Adam Bowe
Queensland Investment Corporation
Ping-Sheng Koh
University of Queensland
Irene Tutticci
University of Queensland
Abstract: This study investigates whether the net cost assigned by the market to employee stock options (ESO) in the U.S. market holds in the Australian setting. Currently, Australia has minimal disclosure requirements in relation to ESO, however, a number of firms voluntarily disclose sufficient information to value this form of remuneration. Using a sample of Australian firms that supply sufficient information to determine a Black-Scholes value for their ESO in the sample period, price and returns models are used to test the value relevance of ESO. The results are compared to a matched sample of U.S. firms to examine whether differences in the incentives to disclose ESO in the two settings affects the way in which investors treat ESO. Consistent with prior research, SFAS 123 ESO values for the sample of U.S. firms are negatively associated with price and returns.

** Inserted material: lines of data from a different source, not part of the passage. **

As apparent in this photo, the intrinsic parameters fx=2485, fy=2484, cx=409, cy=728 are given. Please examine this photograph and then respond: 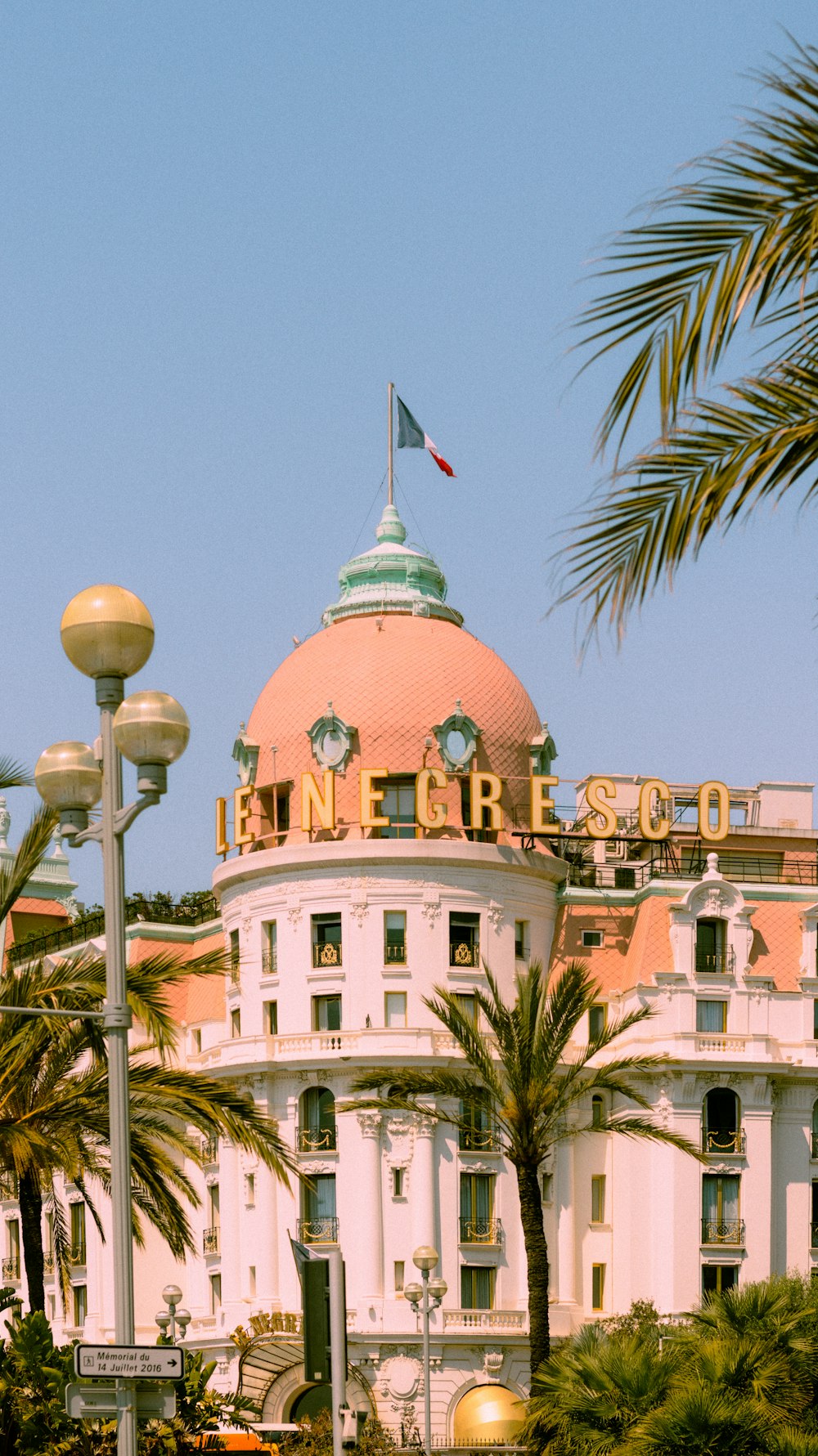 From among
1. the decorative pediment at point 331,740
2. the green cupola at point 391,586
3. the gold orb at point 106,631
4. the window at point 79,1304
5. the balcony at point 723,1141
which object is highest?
the green cupola at point 391,586

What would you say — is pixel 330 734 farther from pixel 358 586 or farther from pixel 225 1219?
pixel 225 1219

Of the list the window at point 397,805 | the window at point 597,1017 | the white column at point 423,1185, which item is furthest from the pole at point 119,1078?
the window at point 597,1017

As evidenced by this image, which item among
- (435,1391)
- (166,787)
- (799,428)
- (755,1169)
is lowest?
(435,1391)

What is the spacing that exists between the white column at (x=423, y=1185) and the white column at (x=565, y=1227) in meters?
4.19

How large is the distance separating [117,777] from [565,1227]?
57.2 metres

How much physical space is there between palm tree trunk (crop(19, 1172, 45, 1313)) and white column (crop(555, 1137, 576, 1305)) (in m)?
38.3

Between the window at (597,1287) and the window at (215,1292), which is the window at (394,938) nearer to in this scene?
the window at (597,1287)

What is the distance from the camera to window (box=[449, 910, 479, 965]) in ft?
247

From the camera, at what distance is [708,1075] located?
7506 cm

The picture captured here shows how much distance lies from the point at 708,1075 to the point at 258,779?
55.1ft

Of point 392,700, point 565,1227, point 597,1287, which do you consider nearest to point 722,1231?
point 597,1287

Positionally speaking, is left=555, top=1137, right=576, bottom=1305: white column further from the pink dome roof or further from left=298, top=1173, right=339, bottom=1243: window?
the pink dome roof

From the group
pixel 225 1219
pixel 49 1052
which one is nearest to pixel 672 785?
pixel 225 1219

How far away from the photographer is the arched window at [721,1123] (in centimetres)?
7462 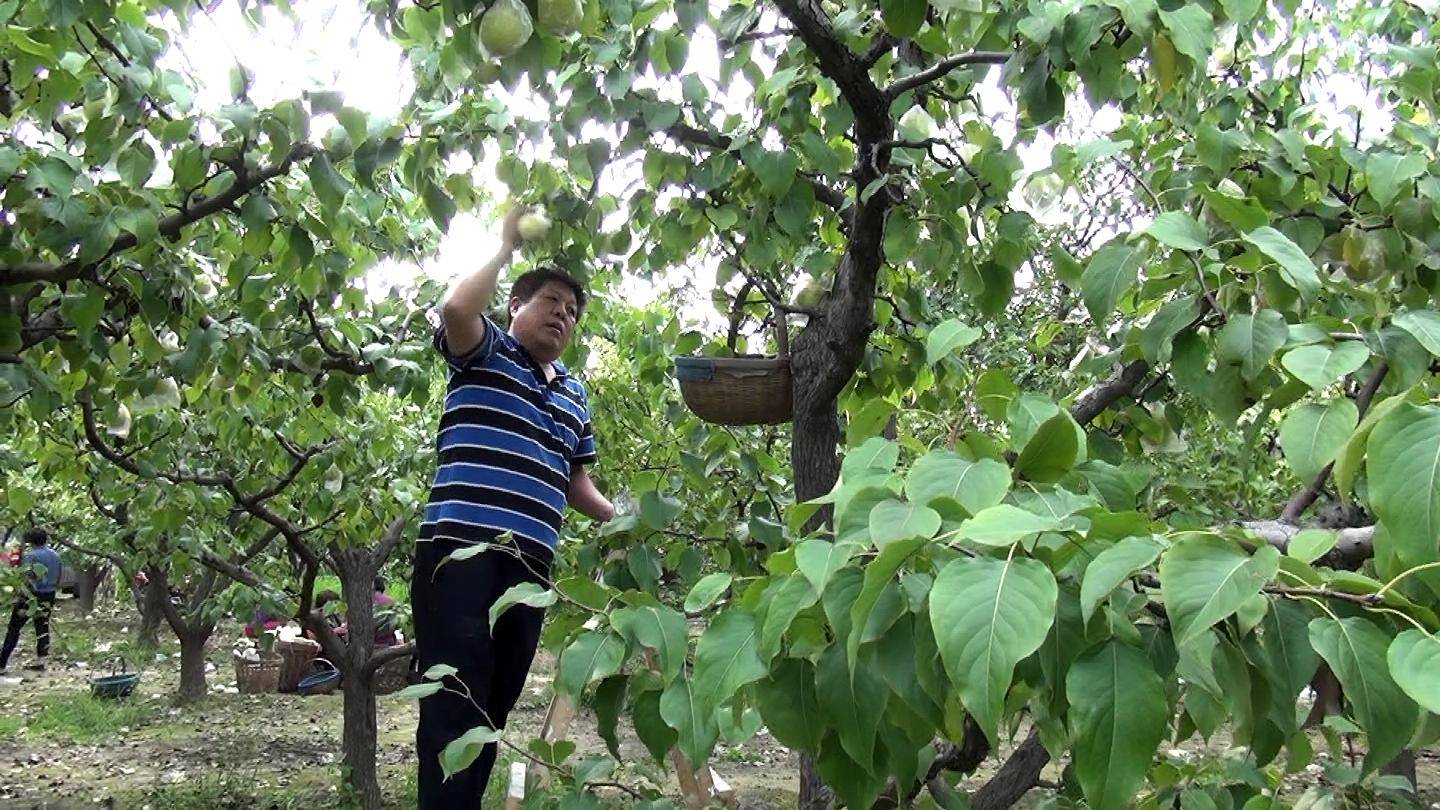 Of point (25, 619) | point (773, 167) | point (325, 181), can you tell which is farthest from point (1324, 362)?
point (25, 619)

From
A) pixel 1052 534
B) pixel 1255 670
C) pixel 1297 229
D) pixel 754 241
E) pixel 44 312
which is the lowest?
pixel 1255 670

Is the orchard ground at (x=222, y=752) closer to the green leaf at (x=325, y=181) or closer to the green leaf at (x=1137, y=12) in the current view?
the green leaf at (x=325, y=181)

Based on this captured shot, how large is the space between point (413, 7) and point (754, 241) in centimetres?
77

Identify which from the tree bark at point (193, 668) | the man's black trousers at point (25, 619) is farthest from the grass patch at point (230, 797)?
the man's black trousers at point (25, 619)

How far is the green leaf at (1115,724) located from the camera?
2.20 feet

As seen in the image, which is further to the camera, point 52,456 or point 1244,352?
point 52,456

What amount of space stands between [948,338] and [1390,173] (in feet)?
2.89

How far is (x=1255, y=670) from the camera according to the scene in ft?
2.48

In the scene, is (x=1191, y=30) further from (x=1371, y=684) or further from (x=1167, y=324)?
(x=1371, y=684)

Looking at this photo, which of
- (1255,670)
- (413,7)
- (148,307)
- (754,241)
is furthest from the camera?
(148,307)

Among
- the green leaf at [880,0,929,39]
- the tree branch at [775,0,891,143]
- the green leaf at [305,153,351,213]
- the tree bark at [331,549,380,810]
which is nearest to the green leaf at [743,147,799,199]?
the tree branch at [775,0,891,143]

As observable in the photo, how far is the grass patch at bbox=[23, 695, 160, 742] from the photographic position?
7324 mm

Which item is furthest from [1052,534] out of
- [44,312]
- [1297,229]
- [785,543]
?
[44,312]

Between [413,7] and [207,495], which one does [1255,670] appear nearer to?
[413,7] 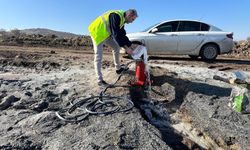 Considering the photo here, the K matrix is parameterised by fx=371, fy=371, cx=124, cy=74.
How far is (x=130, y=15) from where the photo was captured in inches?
300

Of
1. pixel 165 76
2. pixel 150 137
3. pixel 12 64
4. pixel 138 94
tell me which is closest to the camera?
pixel 150 137

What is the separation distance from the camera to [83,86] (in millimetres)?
8039

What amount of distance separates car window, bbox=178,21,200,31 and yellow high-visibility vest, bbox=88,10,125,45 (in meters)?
6.30

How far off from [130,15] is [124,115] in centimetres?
247

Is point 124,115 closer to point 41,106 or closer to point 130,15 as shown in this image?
point 41,106

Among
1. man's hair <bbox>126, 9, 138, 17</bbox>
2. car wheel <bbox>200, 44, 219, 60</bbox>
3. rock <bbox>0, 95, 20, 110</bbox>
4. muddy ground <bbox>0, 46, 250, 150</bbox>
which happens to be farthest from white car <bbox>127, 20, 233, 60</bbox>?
rock <bbox>0, 95, 20, 110</bbox>

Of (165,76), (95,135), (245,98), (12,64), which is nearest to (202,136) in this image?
(245,98)

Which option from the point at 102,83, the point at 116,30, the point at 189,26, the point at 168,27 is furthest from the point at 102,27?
the point at 189,26

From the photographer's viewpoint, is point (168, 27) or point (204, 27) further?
point (204, 27)

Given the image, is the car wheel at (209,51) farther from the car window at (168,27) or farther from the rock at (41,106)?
the rock at (41,106)

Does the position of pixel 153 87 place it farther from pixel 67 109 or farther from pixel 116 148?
pixel 116 148

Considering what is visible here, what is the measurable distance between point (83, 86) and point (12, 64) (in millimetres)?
4688

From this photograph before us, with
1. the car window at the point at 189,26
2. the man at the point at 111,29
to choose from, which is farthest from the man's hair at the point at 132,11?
the car window at the point at 189,26

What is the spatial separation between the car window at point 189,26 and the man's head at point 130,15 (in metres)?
6.22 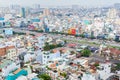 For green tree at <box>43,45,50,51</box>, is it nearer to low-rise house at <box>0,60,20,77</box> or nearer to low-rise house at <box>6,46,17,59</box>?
low-rise house at <box>6,46,17,59</box>

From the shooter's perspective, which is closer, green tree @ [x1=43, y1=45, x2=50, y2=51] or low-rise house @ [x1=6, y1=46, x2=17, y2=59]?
low-rise house @ [x1=6, y1=46, x2=17, y2=59]

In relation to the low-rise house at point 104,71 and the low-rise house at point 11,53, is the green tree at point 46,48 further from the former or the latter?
the low-rise house at point 104,71

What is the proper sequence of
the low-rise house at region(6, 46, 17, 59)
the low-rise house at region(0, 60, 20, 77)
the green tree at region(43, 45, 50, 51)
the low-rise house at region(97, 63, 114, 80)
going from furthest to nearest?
the green tree at region(43, 45, 50, 51), the low-rise house at region(6, 46, 17, 59), the low-rise house at region(0, 60, 20, 77), the low-rise house at region(97, 63, 114, 80)

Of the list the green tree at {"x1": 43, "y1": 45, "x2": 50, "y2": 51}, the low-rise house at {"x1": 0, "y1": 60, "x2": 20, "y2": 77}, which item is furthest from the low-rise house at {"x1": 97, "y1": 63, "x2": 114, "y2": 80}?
the green tree at {"x1": 43, "y1": 45, "x2": 50, "y2": 51}

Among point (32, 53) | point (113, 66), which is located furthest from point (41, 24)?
point (113, 66)

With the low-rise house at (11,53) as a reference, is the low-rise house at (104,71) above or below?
below

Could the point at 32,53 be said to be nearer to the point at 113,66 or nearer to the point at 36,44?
the point at 36,44

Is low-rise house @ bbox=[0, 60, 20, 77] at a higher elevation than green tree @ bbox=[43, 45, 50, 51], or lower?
lower

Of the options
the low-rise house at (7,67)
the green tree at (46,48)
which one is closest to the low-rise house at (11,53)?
the low-rise house at (7,67)

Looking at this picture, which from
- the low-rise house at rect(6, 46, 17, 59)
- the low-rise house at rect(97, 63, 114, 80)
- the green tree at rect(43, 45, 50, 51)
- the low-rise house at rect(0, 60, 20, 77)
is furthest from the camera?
the green tree at rect(43, 45, 50, 51)

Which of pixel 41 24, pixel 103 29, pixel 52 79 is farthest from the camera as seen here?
pixel 41 24

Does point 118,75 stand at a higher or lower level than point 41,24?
lower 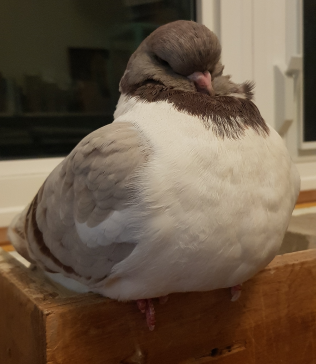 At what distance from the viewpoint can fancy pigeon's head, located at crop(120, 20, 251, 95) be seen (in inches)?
26.3

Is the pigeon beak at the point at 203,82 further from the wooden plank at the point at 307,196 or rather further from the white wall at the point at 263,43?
the wooden plank at the point at 307,196

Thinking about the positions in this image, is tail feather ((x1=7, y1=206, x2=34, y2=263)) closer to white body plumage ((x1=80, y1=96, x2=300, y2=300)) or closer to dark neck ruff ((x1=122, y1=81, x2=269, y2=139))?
white body plumage ((x1=80, y1=96, x2=300, y2=300))

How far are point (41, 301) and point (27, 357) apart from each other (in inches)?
4.0

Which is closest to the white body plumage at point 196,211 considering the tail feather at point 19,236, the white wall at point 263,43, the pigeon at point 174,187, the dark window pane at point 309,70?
the pigeon at point 174,187

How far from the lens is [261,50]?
1.67 m

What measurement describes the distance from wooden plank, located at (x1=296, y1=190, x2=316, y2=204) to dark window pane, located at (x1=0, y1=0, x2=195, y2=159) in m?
0.81

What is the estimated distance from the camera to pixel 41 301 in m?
0.69

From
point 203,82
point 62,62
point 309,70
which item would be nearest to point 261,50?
point 309,70

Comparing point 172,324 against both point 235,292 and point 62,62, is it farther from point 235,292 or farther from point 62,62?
point 62,62

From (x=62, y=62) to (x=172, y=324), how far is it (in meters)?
1.07

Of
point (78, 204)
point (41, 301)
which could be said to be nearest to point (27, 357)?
point (41, 301)

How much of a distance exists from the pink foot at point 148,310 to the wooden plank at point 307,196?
45.6 inches

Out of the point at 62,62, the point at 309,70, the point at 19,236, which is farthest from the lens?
the point at 309,70

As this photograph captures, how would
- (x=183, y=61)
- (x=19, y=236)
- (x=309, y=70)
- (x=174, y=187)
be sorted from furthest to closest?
(x=309, y=70) < (x=19, y=236) < (x=183, y=61) < (x=174, y=187) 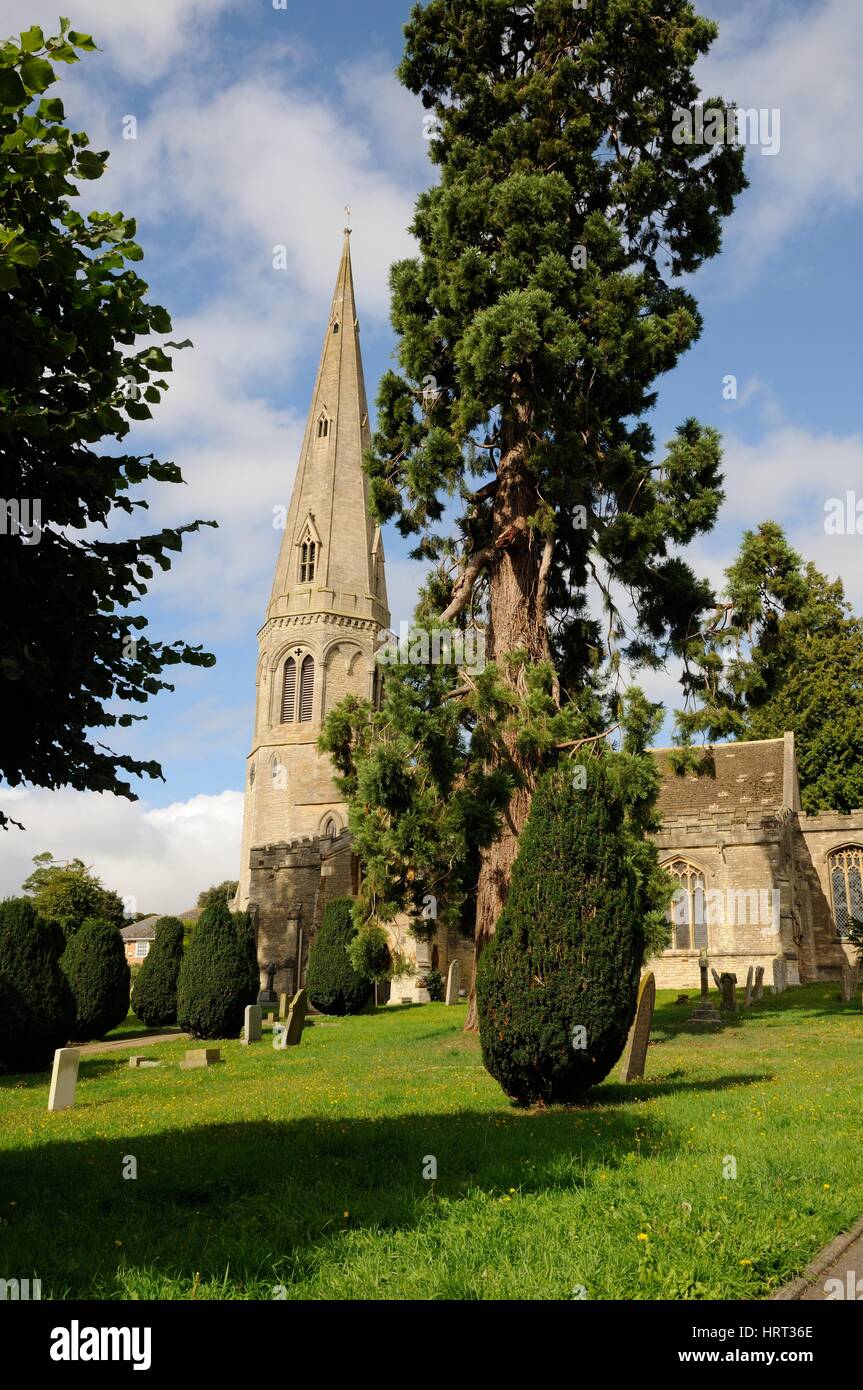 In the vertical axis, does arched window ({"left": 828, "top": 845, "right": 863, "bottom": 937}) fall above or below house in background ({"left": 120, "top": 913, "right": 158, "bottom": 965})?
above

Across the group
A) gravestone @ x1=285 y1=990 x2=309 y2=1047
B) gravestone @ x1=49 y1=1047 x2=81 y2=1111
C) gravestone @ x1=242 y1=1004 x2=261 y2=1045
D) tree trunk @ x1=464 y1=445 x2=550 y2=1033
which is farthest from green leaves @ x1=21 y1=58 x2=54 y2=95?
gravestone @ x1=242 y1=1004 x2=261 y2=1045

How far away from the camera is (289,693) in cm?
5238


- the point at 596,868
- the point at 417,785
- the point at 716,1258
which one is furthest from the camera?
the point at 417,785

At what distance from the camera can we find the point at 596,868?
9.70m

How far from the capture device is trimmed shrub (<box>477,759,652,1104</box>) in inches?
357

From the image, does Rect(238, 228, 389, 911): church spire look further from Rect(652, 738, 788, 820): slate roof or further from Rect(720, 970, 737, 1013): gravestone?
Rect(720, 970, 737, 1013): gravestone

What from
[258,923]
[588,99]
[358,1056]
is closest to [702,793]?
[258,923]

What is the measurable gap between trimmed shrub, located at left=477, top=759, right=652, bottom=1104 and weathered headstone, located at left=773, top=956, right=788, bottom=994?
63.7ft

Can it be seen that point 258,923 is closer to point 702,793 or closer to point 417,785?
point 702,793

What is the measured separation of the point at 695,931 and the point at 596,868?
23037 millimetres

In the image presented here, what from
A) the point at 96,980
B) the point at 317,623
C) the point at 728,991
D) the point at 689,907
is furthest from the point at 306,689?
the point at 728,991

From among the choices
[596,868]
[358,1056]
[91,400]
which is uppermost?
[91,400]

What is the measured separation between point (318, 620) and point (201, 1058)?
3843 cm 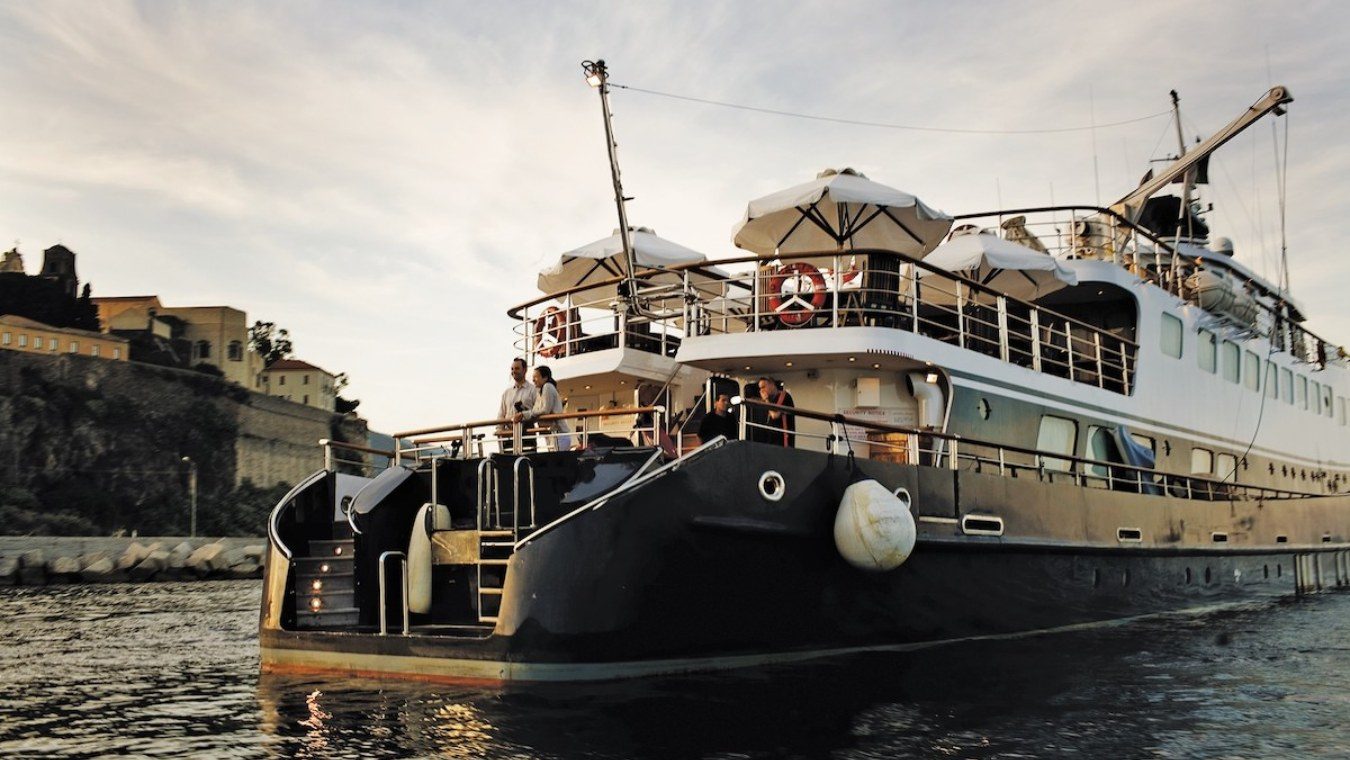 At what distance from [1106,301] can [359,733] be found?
12.8m

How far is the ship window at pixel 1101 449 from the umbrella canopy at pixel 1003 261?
76.4 inches

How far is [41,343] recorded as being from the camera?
7481 cm

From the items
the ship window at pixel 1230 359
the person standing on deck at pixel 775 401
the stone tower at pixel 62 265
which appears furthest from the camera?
the stone tower at pixel 62 265

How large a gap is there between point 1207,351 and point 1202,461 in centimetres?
176

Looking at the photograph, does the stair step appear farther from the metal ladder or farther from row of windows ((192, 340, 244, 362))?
row of windows ((192, 340, 244, 362))

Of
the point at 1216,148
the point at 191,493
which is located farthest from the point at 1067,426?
the point at 191,493

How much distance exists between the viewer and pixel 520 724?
7414 millimetres

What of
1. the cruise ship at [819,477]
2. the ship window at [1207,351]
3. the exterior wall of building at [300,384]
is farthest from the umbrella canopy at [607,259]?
the exterior wall of building at [300,384]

However, the Australian price regressions yield significant positive coefficients on measures of ESO values. The results indicate that ESO in the Australian market are perceived to have a net benefit to shareholders. Differences in the incentives to issue and report ESO may explain the results. The results of the returns model for the Australian sample are less conclusive. These results show the current year ESO values having no significant association with returns and the one-year change in ESO value conveying positive information to the market.